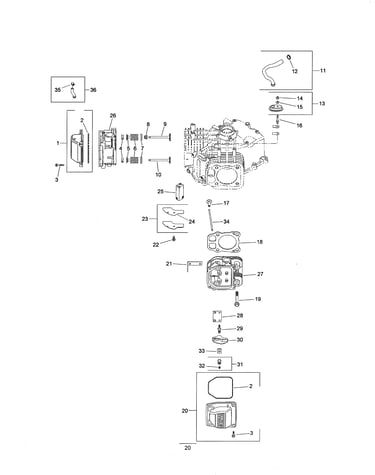 Head, valve & breather assembly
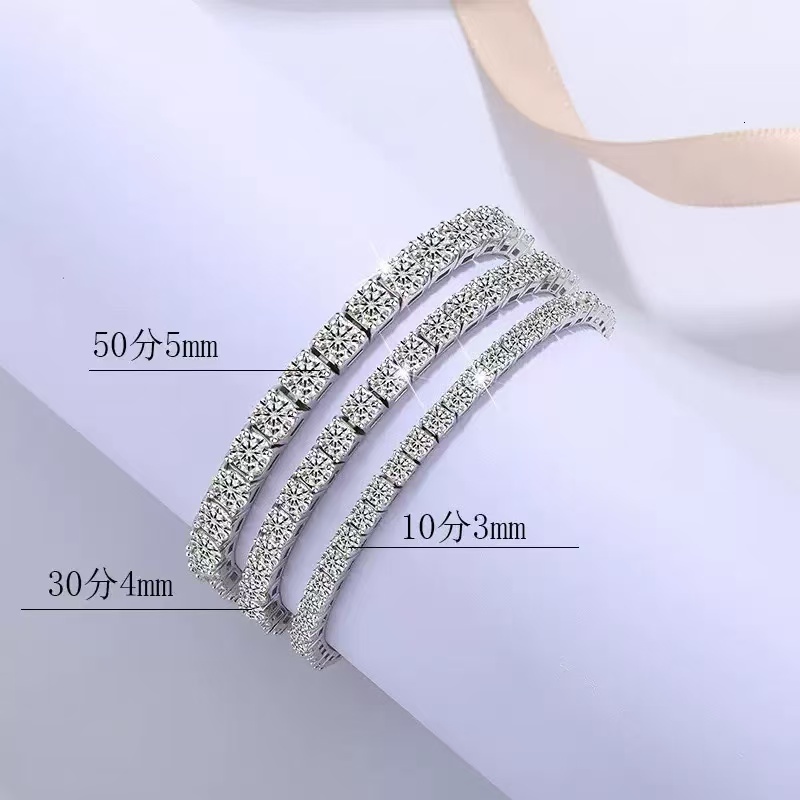 Ship From USA Hot Selling Iced Out Hip Hop Silver S925 4mm VVS1 Moissanite Diamond GRA Certificate Tennis Chain Bracelet Set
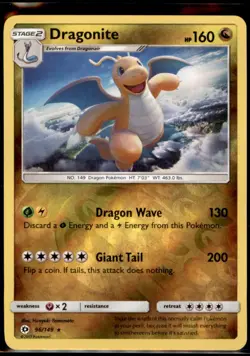 Pokemon TCG - Dragonite Reverse Holo Rare SM Base Set 96/149 NM - Image 1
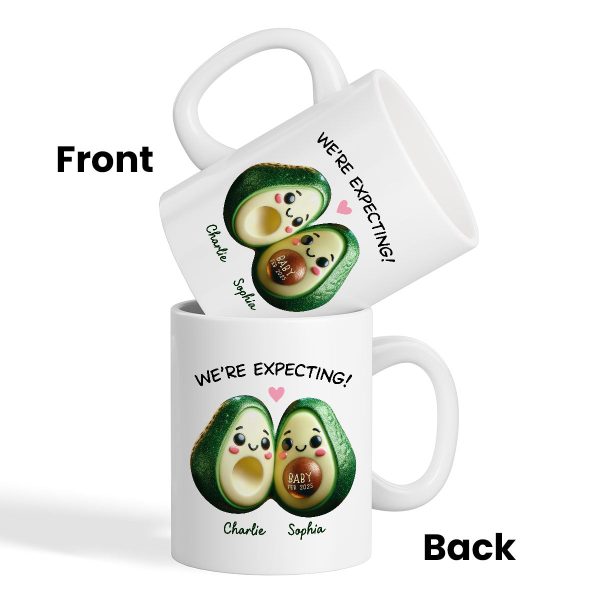 Avocado Couple Expecting Parents Pregnancy Announcement Keepsake Personalized Mug Avocado Couple Expecting Parents Pregnancy Announcement Keepsake Personalized Mug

### Try it
Could you give the listing again exactly, minus its pictures?

### Final answer
 Head, valve & breather assembly
 Ship From USA Hot Selling Iced Out Hip Hop Silver S925 4mm VVS1 Moissanite Diamond GRA Certificate Tennis Chain Bracelet Set
 Pokemon TCG - Dragonite Reverse Holo Rare SM Base Set 96/149 NM - Image 1
 Avocado Couple Expecting Parents Pregnancy Announcement Keepsake Personalized Mug Avocado Couple Expecting Parents Pregnancy Announcement Keepsake Personalized Mug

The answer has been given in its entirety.